Despite all the rhetoric about Pentecost being the birthday of the Church, I have always thought that distinction belongs to the Ascension. He has to leave so that we can get to work doing all he did and taught, “and greater things than these you will do.”

And he prays for our protection as we are that manifestation of Jesus that continues on in the world. The world does not always welcome the Jesus in us, but that only brings us closer to Jesus who is the life and light of the world. Another paradox. As Meister Eckhart reminds us, “Truly, it is in darkness that one finds the light, so when we are in sorrow, then this light is nearest of all to us.”
The Light is so near to us, he prays that we may be One as he and the Father are One. This recalls the beginning of the fourth gospel that tells us that Jesus, the Word, the logos, was with God in the beginning, and is God, and that all that was created came through Jesus, the Word. I suspect Eckhart was deeply immersed in the Gospel of John for he also says, “Every creature is a word of God.”

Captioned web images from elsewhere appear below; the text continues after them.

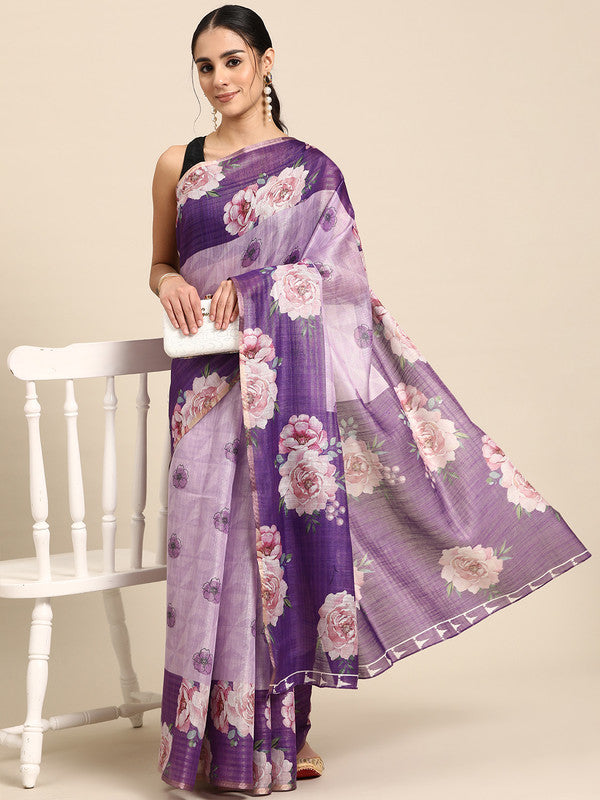 Lavender Cotton Blend Digital Print Floral Saree with Unstitched Blouse - Hiral Fashion - Distacart
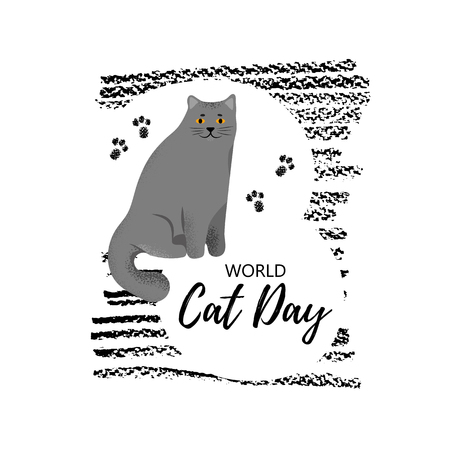 Vector illustration. Greeting card with text " World Cat Day". Cute character with lettering. Icon of british shorthair breed.のイラスト素材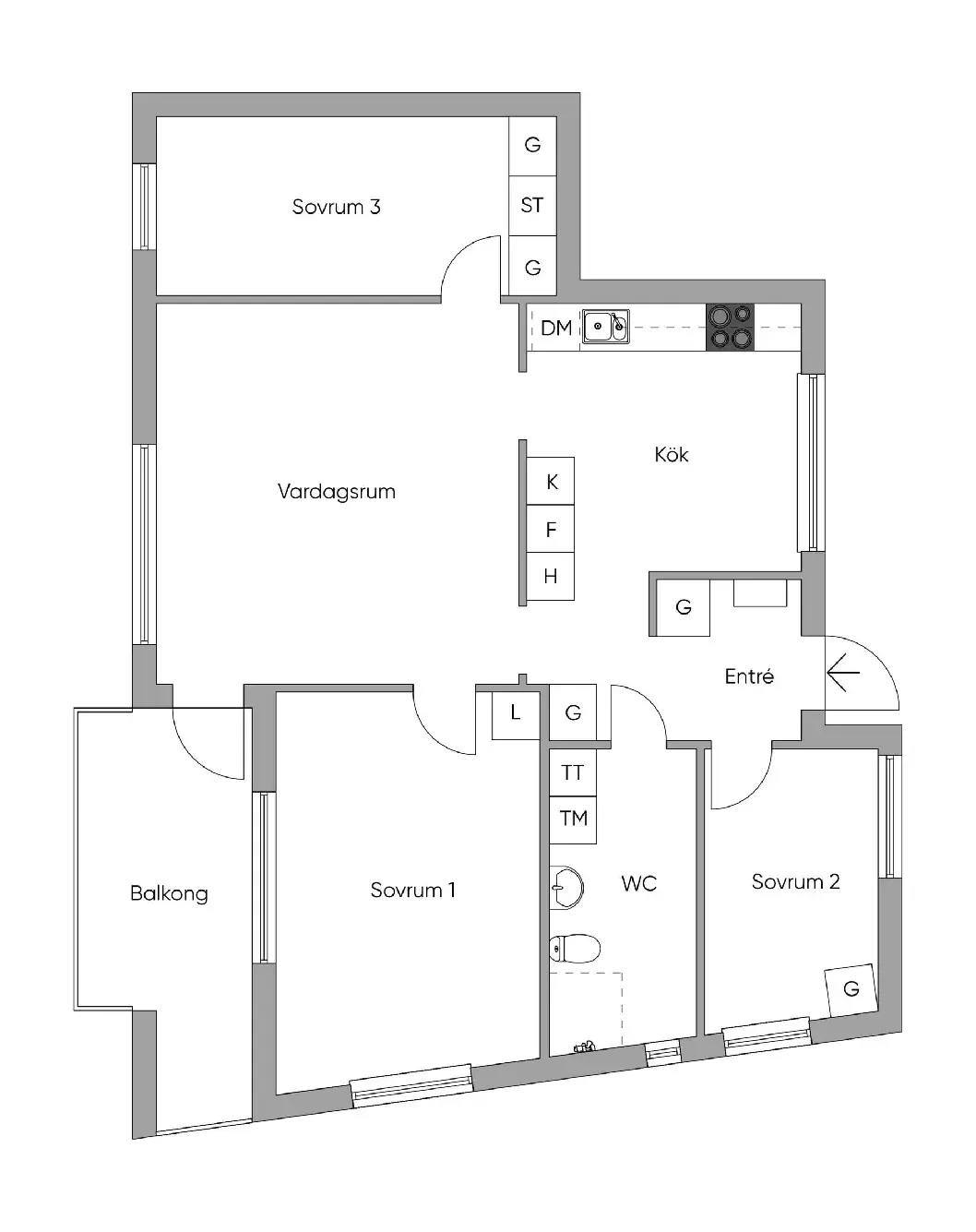 Floor plan for Mor Charlottas väg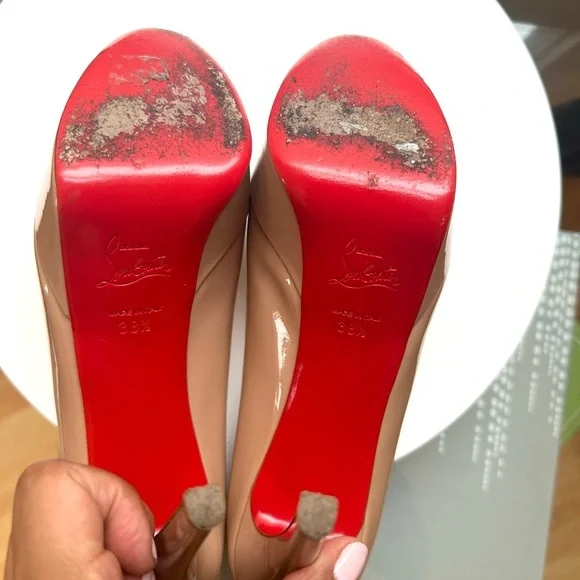 🌺Authentic CHRISTIAN LOUBOUTIN 🌺👠 Bianca 120 Patent calf Nude size 38.5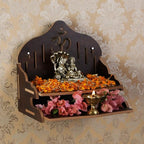 Wooden Wall Mounted Hanging Puja Temple|Wooden Mandir| Pooja Stand |Pooja Mandir for Home& Office|Temple for Festivals| Gifting Purpose - size: Double Stand Wooden Temple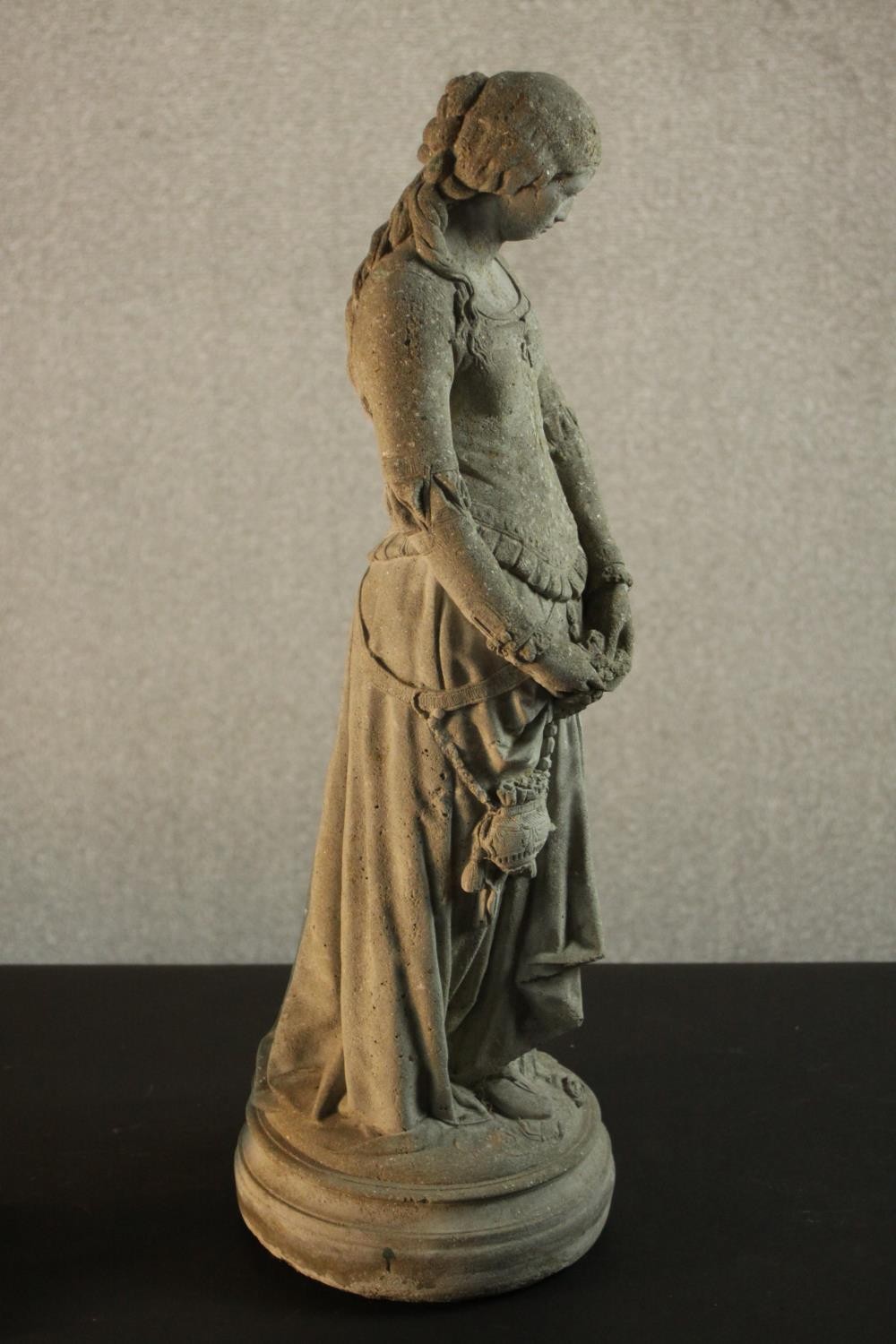 A cast concrete figure of a Victorian style lady. H.60 Dia.20cm. - Image 5 of 6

This means us as well as the fish in the sea. Another mystic who lived a half century before Eckhart was another German, Mechtild of Magdeburg. She writes:
A fish cannot drown in water,
A bird does not fall in air.
In the fire of its making,
Gold doesn’t vanish:
The fire brightens.
Each creature God made
Must live in its own true nature;
How could I resist my nature,
That lives for oneness with God?

That is, life is not about beliefs or doctrines or creeds or liturgies. It is not a discipline or a practice. It is the most intimate experience of being alive, like breathing itself. Breath, the difference between life and death. At age twelve Mechtild had a spiritual experience in which she saw “all things in God, and God in all things.”

The importance of the Christian mystical tradition is its insistence that we must treat one another, every creature, every thing the way God is in Jesus and Jesus is in God. He prays, “so that they may be one, as we are one.”

He who is coming is always here. As the most recent Nobel Laureate of Literature writes:
Many try to stop me, shake me up in my mind
Say, “Prove to me that He is Lord, show me a sign”
What kind of sign they need when it all come from within
When what’s lost has been found, what’s to come has already been?
            -Bob Dylan, Pressing On

He ascends, yet all the while he is here. It all comes from within. And it is all around all the time in all things. He prays that we might be one as he and the Father are one. What’s lost has been found, what’s to come has already been. This is eternal life: knowing God and knowing Jesus, who are one and that same. We are one and the same. Eternal life is here and now.

“The eye with which I see God is the same eye with which God sees me,” writes Eckhart.


All because we see the Son rising, and listen to the men in white, and come to know God as God knows us.  It’s time to stop standing around and tell others the good news, for later he prays for on behalf of those who come to believe because of our word. He is the word, and through his word we come to know that we too are the word. We live in God and God lives in us. We are one, as God and Jesus are one. Do we get that? Thank you!